Skin problems: Your body uses water from everywhere to flush out blood sugar. That can cause dry, itchy, cracked skin on the legs, elbows, feet, and hands. High glucose levels can harm nerves. It can make cuts, wounds, or infections hard to feel. They can lead to toe, foot, or leg loss without treatment.

Vision problems: Your body may pull fluid from your eye lenses, causing blurriness. High blood sugar can damage retinal blood vessels. That can cause blindness.

Fatigue: Type 2 diabetics with high blood sugar become less sensitive to insulin, which moves energy to cells. As a result, fuel depletion can cause fatigue.

Digestive problems: High blood sugar can damage the vagus nerve, which moves food through the stomach and intestines. Because you are less hungry, you may lose weight. Acid reflux, cramps, vomiting, and constipation are possible.

Low blood sugar level shows the following symptoms:

Fatigue: Insulin helps people with diabetes lower high blood sugar. Excess insulin intake may remove glucose rapidly that your body cannot replace it. That leaves you tired.

Weird heartbeat: Hormones that raise low blood sugar can also spike your heart rate and make it skip a beat (Arrhythmia). Most diabetes drugs cause a drop in glucose.

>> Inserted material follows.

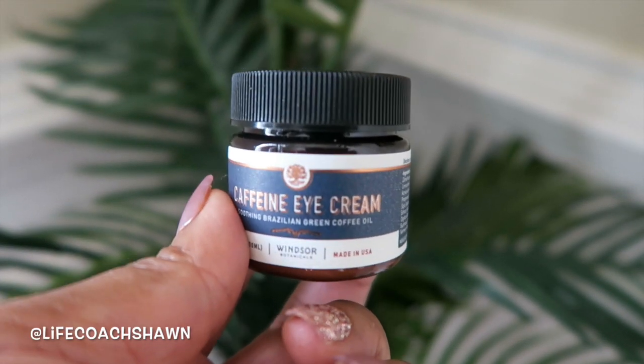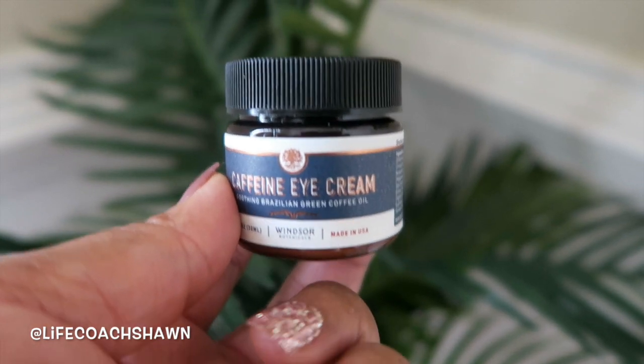Up next I have the caffeine eye cream. Now this has a ton of really great ingredients but the print is super tiny so I have it on a paper right here — and this isn't even everything, this is just some of the ingredients in this little jar that's packed with goodness. This one has cucumber leaf extract, evening primrose, chia seed oil, soybean oil, willow bark extract, and coffee seed oil — this little bad boy does a lot.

Shakiness: Low glucose can unbalance your central nervous system, which controls movement. Your body releases hormones like adrenaline to restore levels. These substances may also make your hands shake.

Sweaty: When your blood sugar drops, your body releases hormones that make you sweat heavily. It is often the first sign of low glucose.

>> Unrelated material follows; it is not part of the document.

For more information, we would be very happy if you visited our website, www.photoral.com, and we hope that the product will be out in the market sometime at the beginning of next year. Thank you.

Hungry: Sudden, intense hunger after eating may mean your body does not correctly convert food to blood sugar. Illness or certain drugs can cause it, too. If you have diabetes, your doctor can often adjust your medication.

Nausea: Shallow blood sugar levels can cause a rebound effect. Moreover, your blood sugar swings confuse your digestive system and make you sick.

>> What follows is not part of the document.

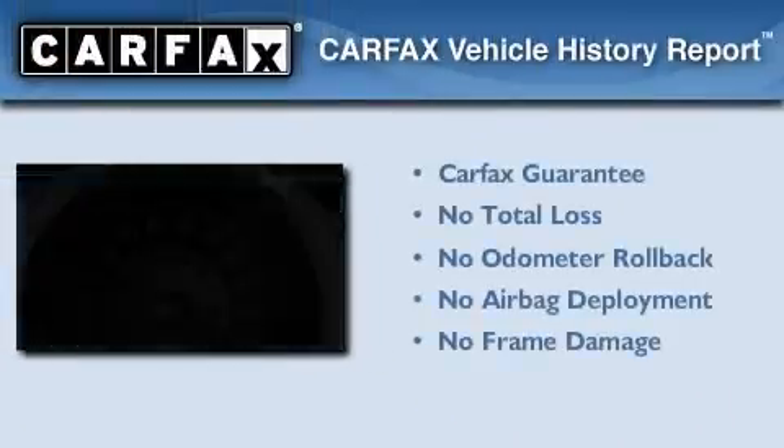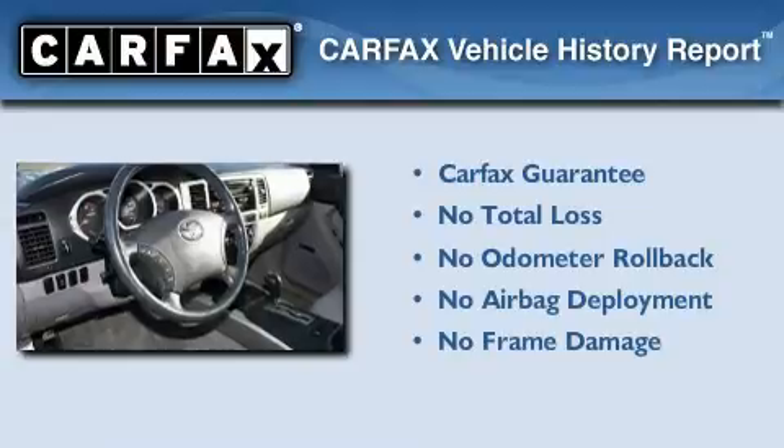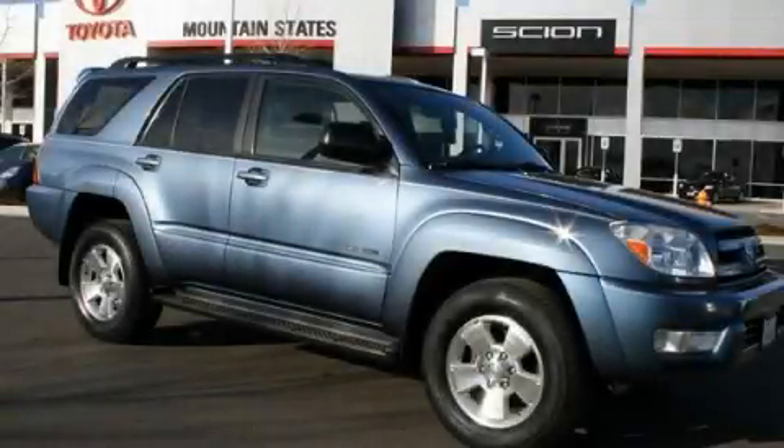Not to mention that this Toyota qualifies for the Carfax buy-back guarantee. Call or visit us right now and arrange your test drive today.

Dizziness: Glucose fuels brain cells. Without enough, you may feel tired, weak, and dizzy. A headache is possible.

Confusion: Hypoglycemia (extremely low blood sugar) makes you lose your bearings. You might slur your words or get lost. Sometimes you may not even realise you are acting strangely. Seizures and comas are possible in severe cases.

Consult with your doctor if you have any of the abovementioned symptoms to prevent serious health consequences in the long run.